Without recording surgical and outcomes data, this decision to change clinical practice could not have been made.

Electronic tools

Vital to the success of any database is the interface that allows information to be displayed in a meaningful way. Two electronic tools in particular were highlighted at the conference – each intended for a different audience.

Di Riley, Associate Director of the NCIN Clinical Outcomes Programme, spoke with enthusiasm about the Cancer Commissioning Toolkit – a website designed to help commissioners plan the cancer services in their area and ensure they are getting value for money. It allows commissioners to look at different services and compare them to the national average.

And a website aimed at the general public was launched at the conference. “Choosing treatment” is a joint venture between Macmillan Cancer Support and the NCIN. It brings together information from a range of sources including patient experience surveys and peer review assessments of cancer services, to give people more information about their local hospitals and help them decide where to have treatment. For a trial period, the website is focusing on bowel cancer and it may expand into other cancer types if it’s successful.

And just yesterday, The Roy Castle Lung Cancer Foundation launched something similar.

So what lies ahead?

The NCIN and its partners have done an astounding job – starting with no budget four years ago to becoming the established network it is today.

It’s early days – gaps remain and it’s still difficult to collect certain types of data, including information about quality of life, chemotherapy treatment, palliative care, and cancer recurrence, to name but a few.

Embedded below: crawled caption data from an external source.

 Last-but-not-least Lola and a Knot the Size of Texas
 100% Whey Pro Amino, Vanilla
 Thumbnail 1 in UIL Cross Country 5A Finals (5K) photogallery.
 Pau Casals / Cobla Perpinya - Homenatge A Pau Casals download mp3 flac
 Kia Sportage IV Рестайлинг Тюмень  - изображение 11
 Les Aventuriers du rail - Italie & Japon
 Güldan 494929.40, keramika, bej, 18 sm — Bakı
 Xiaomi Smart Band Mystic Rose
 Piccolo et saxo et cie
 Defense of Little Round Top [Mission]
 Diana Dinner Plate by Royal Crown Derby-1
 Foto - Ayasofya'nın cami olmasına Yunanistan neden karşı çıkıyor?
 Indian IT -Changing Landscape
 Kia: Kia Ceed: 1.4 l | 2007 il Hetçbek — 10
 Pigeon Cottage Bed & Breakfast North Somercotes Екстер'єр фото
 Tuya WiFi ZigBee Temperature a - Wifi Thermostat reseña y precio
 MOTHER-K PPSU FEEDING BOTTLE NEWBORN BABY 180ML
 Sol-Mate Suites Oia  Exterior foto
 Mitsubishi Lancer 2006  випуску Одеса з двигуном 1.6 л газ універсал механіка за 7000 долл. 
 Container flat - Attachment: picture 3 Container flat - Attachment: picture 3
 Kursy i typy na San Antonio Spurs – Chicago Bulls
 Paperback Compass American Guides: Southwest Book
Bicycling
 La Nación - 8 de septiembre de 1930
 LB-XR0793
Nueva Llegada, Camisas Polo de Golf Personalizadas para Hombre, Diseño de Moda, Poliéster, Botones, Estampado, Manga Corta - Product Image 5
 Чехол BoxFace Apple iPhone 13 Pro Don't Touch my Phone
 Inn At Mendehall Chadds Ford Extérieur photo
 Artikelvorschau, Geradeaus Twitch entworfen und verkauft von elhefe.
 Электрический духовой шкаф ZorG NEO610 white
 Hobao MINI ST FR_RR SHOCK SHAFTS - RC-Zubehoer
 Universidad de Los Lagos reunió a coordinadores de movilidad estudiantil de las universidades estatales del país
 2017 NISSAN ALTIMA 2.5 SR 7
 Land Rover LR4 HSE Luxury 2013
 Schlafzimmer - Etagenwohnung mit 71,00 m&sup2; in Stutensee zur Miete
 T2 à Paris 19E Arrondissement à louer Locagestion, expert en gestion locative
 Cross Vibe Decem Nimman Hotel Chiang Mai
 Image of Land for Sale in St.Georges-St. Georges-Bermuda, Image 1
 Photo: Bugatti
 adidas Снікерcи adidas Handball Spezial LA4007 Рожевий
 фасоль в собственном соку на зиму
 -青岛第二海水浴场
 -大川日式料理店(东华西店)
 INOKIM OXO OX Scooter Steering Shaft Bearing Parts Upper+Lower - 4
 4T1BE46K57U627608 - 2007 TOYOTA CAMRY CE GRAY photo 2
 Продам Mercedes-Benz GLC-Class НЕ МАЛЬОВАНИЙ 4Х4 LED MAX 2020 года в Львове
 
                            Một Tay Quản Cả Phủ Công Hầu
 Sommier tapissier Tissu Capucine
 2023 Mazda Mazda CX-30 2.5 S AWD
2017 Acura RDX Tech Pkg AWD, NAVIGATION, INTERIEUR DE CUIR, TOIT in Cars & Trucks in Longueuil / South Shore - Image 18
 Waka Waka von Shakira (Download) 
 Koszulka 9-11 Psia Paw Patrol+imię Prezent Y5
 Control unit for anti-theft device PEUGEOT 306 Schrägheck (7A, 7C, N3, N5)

And as treatment becomes ever more tailored to the individual, we will also need to tackle how we collect and integrate genetic information about each person’s cancer.

Of course there are challenges, and the mission isn’t yet complete. But there was an overwhelming sense at the conference that there’s every reason to be optimistic.

And the significant progress the NCIN has already made shows that improving cancer care through better data is far from mission impossible, it’s mission possible.